Há avanços
conquistados
com a luta
mas exige-se
ir mais longe
Greve nacional na Administração Pública para exigir respostas e clarificação

AMANHÃ Com os aumentos salariais e a progressão nas carreiras no topo das reivindicações, 27 de Outubro é dia de greve dos trabalhadores da Administração Pública, porque «o tempo de luta é agora».

Esta afirmação, que se destaca no manifesto distribuído nas semanas de mobilização para a greve pelos sindicatos da Frente Comum, remete para os conteúdos concretos do Orçamento do Estado, cujo processo de aprovação decorre na Assembleia da República, mas prende-se com o facto de os principais problemas dos trabalhadores e da própria Administração Pública terem vindo a agravar-se com sucessivos governos e tardar a concretização da necessária ruptura com tal política.
«Melhores serviços públicos são mais e melhores direitos para todos», refere-se também no documento.

A 19 de Setembro, ao aprovarem a proposta reivindicativa comum (entregue no dia seguinte no Ministério das Finanças), as três dezenas de sindicatos que constituem a estrutura representativa da grande maioria dos trabalhadores dos diversos sectores da Administração Pública assinalaram «a necessidade de clarificação de políticas e de tomada de posição inequívoca quanto às justas reivindicações dos trabalhadores».

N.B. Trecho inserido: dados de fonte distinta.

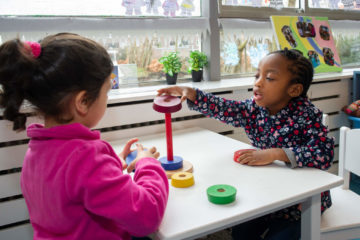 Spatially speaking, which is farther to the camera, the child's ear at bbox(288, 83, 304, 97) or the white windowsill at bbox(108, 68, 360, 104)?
the white windowsill at bbox(108, 68, 360, 104)

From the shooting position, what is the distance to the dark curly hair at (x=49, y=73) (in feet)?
1.95

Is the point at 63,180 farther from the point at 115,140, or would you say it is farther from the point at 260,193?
the point at 115,140

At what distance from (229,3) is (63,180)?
70.9 inches

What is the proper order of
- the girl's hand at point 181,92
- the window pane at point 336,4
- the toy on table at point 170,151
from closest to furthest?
the toy on table at point 170,151 → the girl's hand at point 181,92 → the window pane at point 336,4

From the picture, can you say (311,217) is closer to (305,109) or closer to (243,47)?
(305,109)

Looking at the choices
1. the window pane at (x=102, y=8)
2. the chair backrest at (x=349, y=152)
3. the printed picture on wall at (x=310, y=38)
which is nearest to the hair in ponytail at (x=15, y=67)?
the window pane at (x=102, y=8)

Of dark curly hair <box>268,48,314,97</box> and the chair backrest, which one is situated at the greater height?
dark curly hair <box>268,48,314,97</box>

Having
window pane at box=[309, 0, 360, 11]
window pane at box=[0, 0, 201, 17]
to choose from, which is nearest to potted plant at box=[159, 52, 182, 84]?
window pane at box=[0, 0, 201, 17]

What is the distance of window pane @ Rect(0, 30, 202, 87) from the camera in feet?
5.74

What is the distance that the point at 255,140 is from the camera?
1.28 meters

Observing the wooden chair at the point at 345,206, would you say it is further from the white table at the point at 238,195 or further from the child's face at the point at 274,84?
the child's face at the point at 274,84

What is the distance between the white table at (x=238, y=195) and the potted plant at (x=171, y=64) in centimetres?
82

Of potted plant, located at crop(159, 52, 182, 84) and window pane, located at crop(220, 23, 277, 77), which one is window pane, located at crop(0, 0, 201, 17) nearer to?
potted plant, located at crop(159, 52, 182, 84)

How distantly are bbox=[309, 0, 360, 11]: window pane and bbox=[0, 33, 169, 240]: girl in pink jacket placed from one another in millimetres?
2328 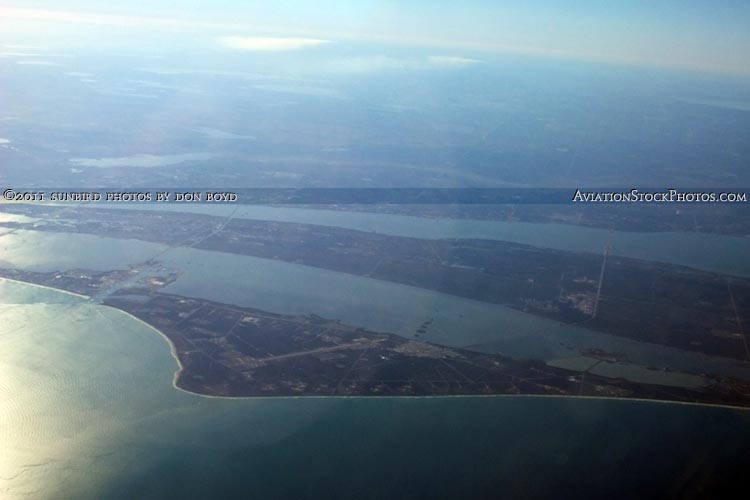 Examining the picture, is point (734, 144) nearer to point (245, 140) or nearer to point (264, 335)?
point (245, 140)

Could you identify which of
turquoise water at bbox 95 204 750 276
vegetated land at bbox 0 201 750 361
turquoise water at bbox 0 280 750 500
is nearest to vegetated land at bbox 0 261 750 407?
turquoise water at bbox 0 280 750 500

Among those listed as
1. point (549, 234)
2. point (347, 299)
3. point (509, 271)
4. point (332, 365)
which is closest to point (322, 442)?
point (332, 365)

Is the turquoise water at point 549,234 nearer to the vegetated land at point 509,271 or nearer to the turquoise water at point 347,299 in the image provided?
the vegetated land at point 509,271

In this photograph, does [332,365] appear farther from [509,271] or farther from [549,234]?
[549,234]

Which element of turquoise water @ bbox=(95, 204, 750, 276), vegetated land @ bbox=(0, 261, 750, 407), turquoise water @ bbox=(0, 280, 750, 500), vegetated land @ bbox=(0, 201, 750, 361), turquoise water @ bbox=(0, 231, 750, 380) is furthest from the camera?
turquoise water @ bbox=(95, 204, 750, 276)

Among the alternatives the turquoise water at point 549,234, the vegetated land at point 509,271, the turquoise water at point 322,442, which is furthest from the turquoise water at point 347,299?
the turquoise water at point 549,234

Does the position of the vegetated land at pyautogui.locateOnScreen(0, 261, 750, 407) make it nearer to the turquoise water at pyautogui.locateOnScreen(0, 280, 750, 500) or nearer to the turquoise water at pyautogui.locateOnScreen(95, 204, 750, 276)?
the turquoise water at pyautogui.locateOnScreen(0, 280, 750, 500)

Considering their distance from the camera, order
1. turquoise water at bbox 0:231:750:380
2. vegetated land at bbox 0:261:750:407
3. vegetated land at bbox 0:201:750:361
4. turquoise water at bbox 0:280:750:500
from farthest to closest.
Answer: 1. vegetated land at bbox 0:201:750:361
2. turquoise water at bbox 0:231:750:380
3. vegetated land at bbox 0:261:750:407
4. turquoise water at bbox 0:280:750:500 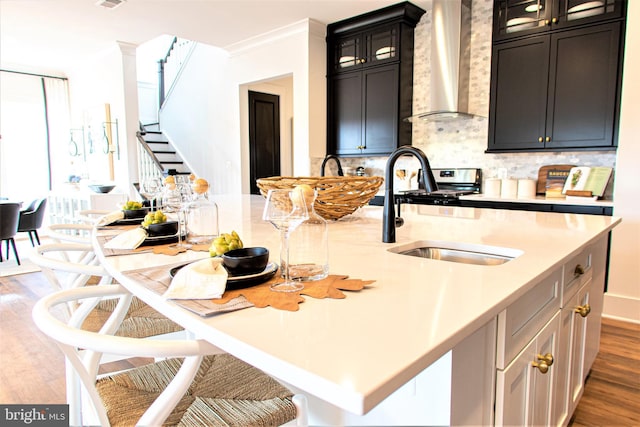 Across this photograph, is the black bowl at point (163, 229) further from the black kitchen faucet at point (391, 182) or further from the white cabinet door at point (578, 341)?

Nos debates no Parlamento ficaram definidas alterações positivas na proposta de Orçamento que o Governo entregou. Para tal, foi determinante a intervenção do PCP e teve influência o anúncio da greve nacional de amanhã e a resposta dos trabalhadores no quadro da preparação desta luta. 

Razões
e reivindicações

Reclamando o «direito a viver melhor», com expressão no «direito à dignidade, à carreira, à valorização dos salários e das pensões», a Frente Comum recorda que estão em luta «trabalhadores que garantem que todos os dias sejam cumpridos os direitos fundamentais das populações». Entre as reivindicações, são realçadas:
aumento do salário em quatro por cento, com garantia de um aumento mínimo de 60 euros por trabalhador, e o aumento das pensões;
semana de 35 horas para todos;
descongelamento das progressões nas carreiras, para todos e ao mesmo tempo;
vínculo de nomeação e combate à precariedade no trabalho e na vida;
oposição à municipalização das funções sociais do Estado e defesa de um verdadeiro processo de regionalização.

Na administração local, exige-se ainda a identificação e regulamentação das profissões de desgaste rápido; legislação e regulamentação do suplemento de insalubridade, penosidade e risco e do suplemento de disponibilidade; direito à contratação colectiva nas empresas do sector empresarial local e nos bombeiros; regulamentação das carreiras subsistentes e específicas.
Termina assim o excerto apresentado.